Ce n’est pas tout d’écrire un roman, encore faut-il qu’il soit lu ! Dans le  deuxième tome, Jeunauteur : Gloire et crachats, l’écrivain en herbe nous convie à prendre part à cette mécanique tout aussi laborieuse : de l’illustration (un clown qui joue du banjo), à la photo de l’auteur (celle de sa mère, erreur de l’imprimeur), le tout s’avère cauchemardesque.

Vient maintenant le temps de la consécration ; à moi les hordes d’admirateurs ! Loin de là : le pauvre est seul à son stand, à donner la direction des toilettes, se faisant invectiver tout en évitant les crachats.Pas facile d’être homme de lettres, surtout quand ta grande rivale est Lulu Fafofu, auteure à succès de livres pour enfants.
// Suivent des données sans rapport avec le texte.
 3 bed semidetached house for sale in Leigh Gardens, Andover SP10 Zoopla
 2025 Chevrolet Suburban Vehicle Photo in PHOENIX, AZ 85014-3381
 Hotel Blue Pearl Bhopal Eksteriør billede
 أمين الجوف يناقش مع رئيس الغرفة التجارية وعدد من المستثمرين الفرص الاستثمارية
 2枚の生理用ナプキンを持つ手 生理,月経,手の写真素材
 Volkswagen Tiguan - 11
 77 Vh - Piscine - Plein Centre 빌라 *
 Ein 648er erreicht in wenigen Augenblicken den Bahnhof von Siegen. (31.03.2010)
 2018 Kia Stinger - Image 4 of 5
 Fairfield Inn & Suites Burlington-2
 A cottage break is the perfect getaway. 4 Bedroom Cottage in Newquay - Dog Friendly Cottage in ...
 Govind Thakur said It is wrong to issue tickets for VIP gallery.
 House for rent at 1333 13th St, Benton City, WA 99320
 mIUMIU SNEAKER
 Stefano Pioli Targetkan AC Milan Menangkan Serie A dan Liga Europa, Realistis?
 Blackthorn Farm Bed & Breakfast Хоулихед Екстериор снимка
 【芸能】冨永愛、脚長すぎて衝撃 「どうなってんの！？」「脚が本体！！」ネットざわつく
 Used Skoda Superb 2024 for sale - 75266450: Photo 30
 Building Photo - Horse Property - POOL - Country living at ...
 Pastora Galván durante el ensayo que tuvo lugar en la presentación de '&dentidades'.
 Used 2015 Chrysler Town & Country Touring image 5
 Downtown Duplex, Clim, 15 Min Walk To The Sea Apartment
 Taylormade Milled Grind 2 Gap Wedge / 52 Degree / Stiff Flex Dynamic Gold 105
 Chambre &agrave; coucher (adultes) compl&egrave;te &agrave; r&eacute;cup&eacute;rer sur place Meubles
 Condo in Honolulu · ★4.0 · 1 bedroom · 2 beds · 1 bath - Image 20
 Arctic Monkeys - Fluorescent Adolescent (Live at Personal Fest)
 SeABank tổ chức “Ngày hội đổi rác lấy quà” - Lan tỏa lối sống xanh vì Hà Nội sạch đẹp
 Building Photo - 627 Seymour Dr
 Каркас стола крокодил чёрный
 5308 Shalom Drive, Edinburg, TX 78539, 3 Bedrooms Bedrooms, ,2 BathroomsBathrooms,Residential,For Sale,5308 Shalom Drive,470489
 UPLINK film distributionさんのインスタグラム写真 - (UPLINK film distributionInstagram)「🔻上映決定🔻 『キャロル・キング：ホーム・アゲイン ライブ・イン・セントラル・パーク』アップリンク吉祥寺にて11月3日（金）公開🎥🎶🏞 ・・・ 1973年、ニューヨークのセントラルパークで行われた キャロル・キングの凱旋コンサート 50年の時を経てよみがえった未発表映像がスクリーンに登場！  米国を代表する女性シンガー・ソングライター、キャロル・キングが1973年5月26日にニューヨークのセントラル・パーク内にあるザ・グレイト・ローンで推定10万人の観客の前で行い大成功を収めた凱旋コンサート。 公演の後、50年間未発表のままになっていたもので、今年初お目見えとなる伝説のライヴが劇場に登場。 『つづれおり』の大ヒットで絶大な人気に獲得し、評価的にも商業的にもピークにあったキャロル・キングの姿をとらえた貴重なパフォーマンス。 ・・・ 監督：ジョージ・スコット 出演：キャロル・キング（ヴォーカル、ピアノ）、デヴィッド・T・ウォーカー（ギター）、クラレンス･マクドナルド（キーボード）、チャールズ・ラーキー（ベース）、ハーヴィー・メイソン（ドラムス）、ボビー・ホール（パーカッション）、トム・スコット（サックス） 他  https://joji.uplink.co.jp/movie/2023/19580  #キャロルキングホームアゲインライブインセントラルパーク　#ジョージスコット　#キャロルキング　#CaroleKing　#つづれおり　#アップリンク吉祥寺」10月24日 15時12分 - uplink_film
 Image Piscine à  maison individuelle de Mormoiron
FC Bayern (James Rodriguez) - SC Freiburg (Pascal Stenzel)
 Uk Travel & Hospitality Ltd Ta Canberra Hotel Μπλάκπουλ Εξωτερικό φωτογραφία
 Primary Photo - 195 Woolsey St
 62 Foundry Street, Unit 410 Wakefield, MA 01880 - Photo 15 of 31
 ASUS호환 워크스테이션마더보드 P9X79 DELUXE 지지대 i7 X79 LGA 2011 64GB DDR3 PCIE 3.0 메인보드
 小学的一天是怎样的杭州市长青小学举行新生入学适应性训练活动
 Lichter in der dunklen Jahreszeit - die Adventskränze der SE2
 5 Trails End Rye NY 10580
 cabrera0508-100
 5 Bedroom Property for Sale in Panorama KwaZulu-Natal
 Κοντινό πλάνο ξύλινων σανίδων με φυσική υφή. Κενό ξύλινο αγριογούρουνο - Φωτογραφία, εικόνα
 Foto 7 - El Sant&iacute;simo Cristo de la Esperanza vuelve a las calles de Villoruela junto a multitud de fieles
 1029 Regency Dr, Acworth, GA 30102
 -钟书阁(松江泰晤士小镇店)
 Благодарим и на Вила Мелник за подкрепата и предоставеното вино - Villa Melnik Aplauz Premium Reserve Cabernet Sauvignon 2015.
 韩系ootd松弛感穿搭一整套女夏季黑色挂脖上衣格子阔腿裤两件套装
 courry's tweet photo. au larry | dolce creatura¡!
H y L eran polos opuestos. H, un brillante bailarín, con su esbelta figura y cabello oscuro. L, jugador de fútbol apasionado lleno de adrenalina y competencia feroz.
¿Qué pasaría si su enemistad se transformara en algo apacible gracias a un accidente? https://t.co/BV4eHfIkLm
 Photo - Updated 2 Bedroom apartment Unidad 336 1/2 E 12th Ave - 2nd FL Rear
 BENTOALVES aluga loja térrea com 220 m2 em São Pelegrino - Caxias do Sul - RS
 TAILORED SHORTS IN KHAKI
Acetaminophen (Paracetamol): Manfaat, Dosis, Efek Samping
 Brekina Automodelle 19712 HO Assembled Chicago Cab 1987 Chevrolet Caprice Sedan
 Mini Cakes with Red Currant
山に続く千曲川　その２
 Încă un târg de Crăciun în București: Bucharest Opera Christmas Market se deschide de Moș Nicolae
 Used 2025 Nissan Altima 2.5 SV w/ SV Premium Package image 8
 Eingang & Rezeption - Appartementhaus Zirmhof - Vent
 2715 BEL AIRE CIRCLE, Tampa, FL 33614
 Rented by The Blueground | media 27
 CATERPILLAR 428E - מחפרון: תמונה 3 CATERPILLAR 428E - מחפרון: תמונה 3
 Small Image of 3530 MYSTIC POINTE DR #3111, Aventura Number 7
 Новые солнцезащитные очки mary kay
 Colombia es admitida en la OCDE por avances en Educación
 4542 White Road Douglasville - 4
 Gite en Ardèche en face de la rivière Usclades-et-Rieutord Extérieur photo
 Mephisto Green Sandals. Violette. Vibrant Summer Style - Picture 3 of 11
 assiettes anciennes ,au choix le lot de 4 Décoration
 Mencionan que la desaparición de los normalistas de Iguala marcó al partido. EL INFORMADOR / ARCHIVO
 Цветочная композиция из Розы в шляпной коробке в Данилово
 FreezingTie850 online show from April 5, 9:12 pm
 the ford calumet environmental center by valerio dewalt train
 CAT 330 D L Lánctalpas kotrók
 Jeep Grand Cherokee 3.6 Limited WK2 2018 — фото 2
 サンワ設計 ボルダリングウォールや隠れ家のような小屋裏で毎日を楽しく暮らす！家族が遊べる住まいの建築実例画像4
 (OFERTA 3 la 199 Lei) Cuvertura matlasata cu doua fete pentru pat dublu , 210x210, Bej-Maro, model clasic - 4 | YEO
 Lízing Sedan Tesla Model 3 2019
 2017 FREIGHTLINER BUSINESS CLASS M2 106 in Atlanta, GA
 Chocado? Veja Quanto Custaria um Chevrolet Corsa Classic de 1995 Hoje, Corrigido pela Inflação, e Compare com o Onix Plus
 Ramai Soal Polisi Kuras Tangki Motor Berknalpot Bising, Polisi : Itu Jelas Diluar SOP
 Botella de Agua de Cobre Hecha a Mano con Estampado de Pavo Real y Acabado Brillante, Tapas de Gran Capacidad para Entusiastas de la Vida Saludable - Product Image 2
C’est en ayant en tête ces deux incarnations de mon auteur favori que je me dirigeai dans sa direction. Je m’arrêtai net ,stupéfait; il y avait maintenant foule à sa table. J’étais soulagé de le savoir aussi populaire, mais surtout un peu dubitatif. Vous voulez savoir quelle était la cause de toute cette commotion? Il avait été supplanté par un animateur de talkshow sur le déclin venant de sortir un bouquin insipide pour relancer sa carrière.

Comme quoi la réalité rencontre souvent la fiction.